Han et al. (2009) compared cancer incidence by the arithmetic mean arsenic concentrations of ground water in 44 counties in Idaho, USA. Arsenic concentrations for the counties were based on approximately 1,990 groundwater sources sampled between 1991 and 2005. Newly diagnosed cases of cancer of the bladder, kidney and renal pelvis, liver and bile duct, lung and bronchus, and non-Hodgkin lymphoma from 1991 to 2005 were identified from the Cancer Registry of Idaho. Counties were grouped into arsenic water concentrations of < 2 μg/L (n = 23), 2 to < 10 μg/L (n = 16), and ≥ 10 μg/L (n = 5). Using regression analysis and controlling for smoking, race, sex, body mass index, and population density, the researchers found no evidence of an association between arsenic and cancer incidence in the 44 counties.

Lamm et al. (2004) studied 133 U.S. counties that depend exclusively on groundwater. Bladder cancer standardized mortality ratios (SMR) for white males, from 1950 to 1979, were plotted against median county arsenic concentrations in groundwater. SMRs for white males were not related to the median or mean county arsenic concentrations. Median county arsenic concentrations ranged from 3 to 60 μg/L. Eighty-two percent of the population studied was assumed to have consumed 3–5 μg arsenic/L.

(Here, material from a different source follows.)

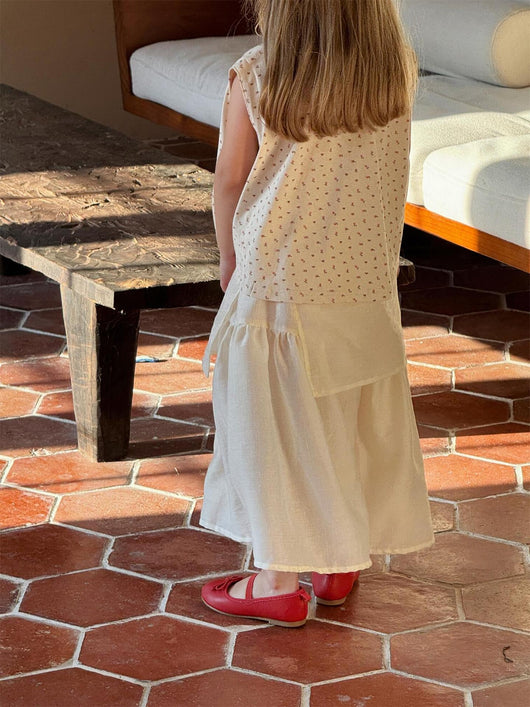 Chaleco Floral Niña sin Mangas Cuello Redondo - Image 18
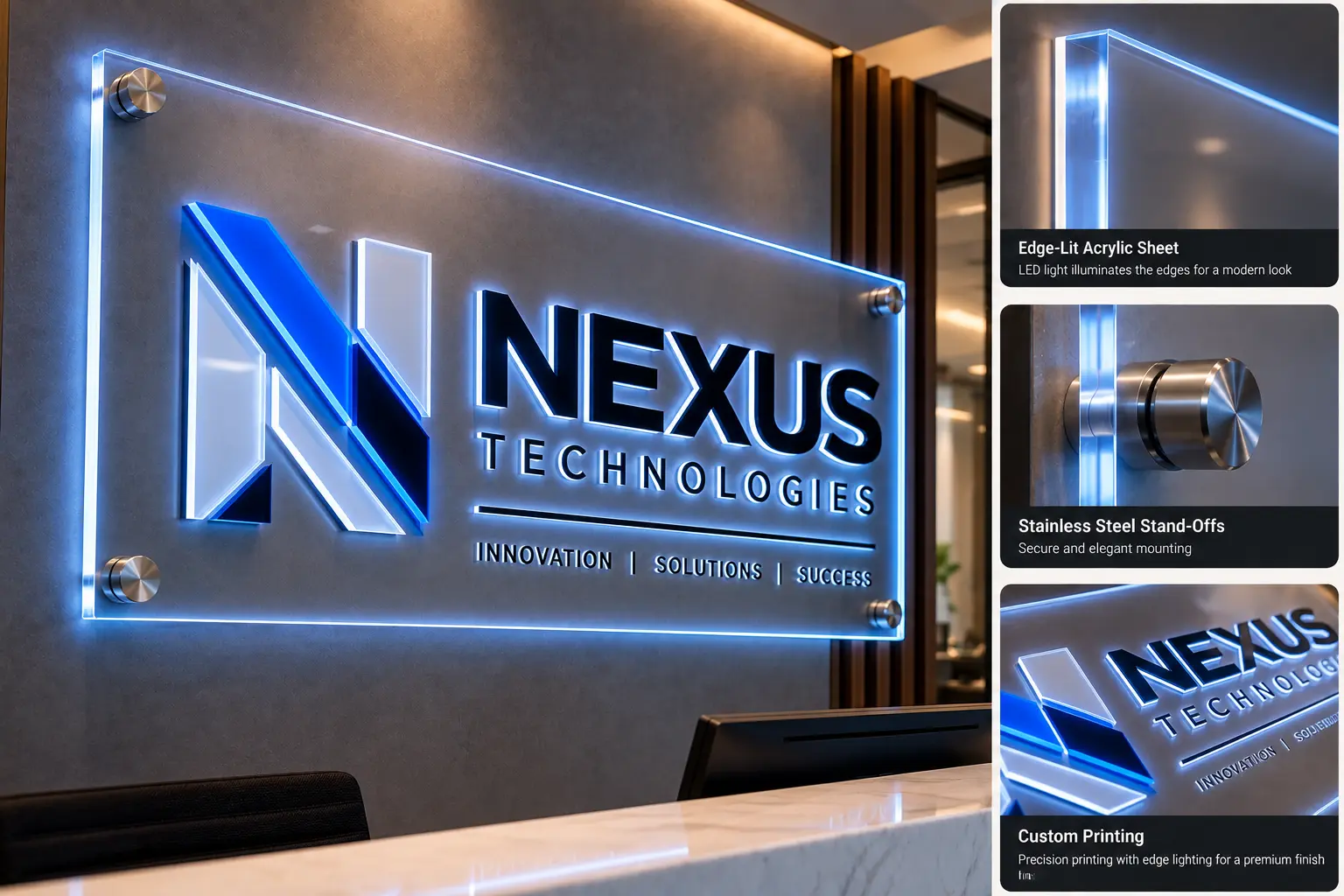 Edge-Lit Acrylic Signs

Meliker et al. (2007) investigated six counties in southeastern Michigan. Deaths for the six counties and for the state of Michigan from 1979 to 1997 were used to estimate the sex-specific SMRs. Data from Michigan Department of Environmental Quality from 1983 through 2002 were used to estimate county-level mean and median arsenic concentrations for the six counties and for the rest of Michigan. The SMRs for lung, bronchus, and trachea cancer and for bladder cancer were not significantly increased among the six counties as a whole. The SMRs for lung, trachea, and bronchus cancer were significantly increased in both males and females in Genesee County, the most populous, urban, and racially diverse of the six counties. The six-county study area had a population-weighted mean arsenic concentration of 11.00 μg/L and a population-weighted median of 7.58 μg/L. The population-weighted mean in the remainder of Michigan was 2.98 μg/L with a median of 1.27 μg/L.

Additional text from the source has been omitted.